RECORDS FOR THIS TASK: Begin

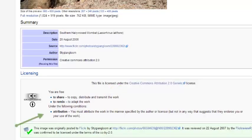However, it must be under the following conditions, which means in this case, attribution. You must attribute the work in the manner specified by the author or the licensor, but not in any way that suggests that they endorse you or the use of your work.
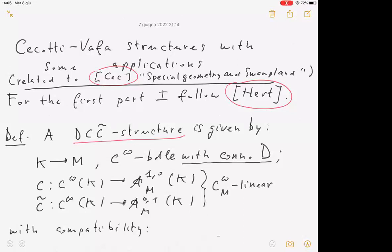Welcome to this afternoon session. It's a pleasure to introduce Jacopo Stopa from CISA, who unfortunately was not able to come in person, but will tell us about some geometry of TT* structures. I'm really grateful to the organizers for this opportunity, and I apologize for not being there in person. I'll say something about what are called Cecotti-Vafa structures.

RECORDS FOR THIS TASK: End
RECORDS FOR THIS TASK: Begin

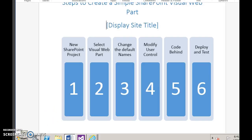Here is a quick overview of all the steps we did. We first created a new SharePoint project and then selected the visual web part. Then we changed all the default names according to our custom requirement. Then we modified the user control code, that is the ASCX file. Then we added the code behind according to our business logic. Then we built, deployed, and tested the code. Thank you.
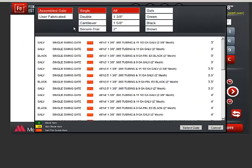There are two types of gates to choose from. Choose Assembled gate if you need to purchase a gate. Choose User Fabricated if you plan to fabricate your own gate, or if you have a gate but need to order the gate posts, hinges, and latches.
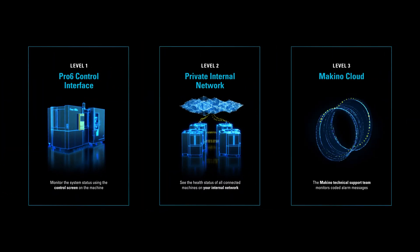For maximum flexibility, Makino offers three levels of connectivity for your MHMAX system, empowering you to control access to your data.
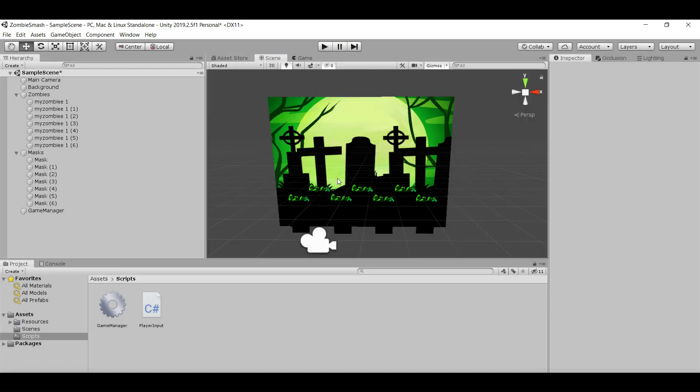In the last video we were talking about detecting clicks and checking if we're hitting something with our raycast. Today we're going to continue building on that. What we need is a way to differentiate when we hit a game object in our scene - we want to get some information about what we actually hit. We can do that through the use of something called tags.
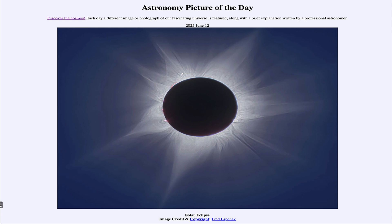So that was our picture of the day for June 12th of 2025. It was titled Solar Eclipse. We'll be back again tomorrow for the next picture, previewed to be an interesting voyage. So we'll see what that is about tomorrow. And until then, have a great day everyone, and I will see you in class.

RECORDS FOR THIS TASK: End
RECORDS FOR THIS TASK: Begin

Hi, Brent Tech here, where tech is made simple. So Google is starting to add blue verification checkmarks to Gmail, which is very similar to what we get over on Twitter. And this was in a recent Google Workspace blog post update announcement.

RECORDS FOR THIS TASK: End

(PROBLEM STATEMENT) Return exactly the lines above, from the one with "For maximum flexibility, Makino" up to and including the one with "So that was", and include no pictures.

(YOUR SOLUTION)
For maximum flexibility, Makino offers three levels of connectivity for your MHMAX system, empowering you to control access to your data.
In the last video we were talking about detecting clicks and checking if we're hitting something with our raycast. Today we're going to continue building on that. What we need is a way to differentiate when we hit a game object in our scene - we want to get some information about what we actually hit. We can do that through the use of something called tags.
So that was our picture of the day for June 12th of 2025. It was titled Solar Eclipse. We'll be back again tomorrow for the next picture, previewed to be an interesting voyage. So we'll see what that is about tomorrow. And until then, have a great day everyone, and I will see you in class.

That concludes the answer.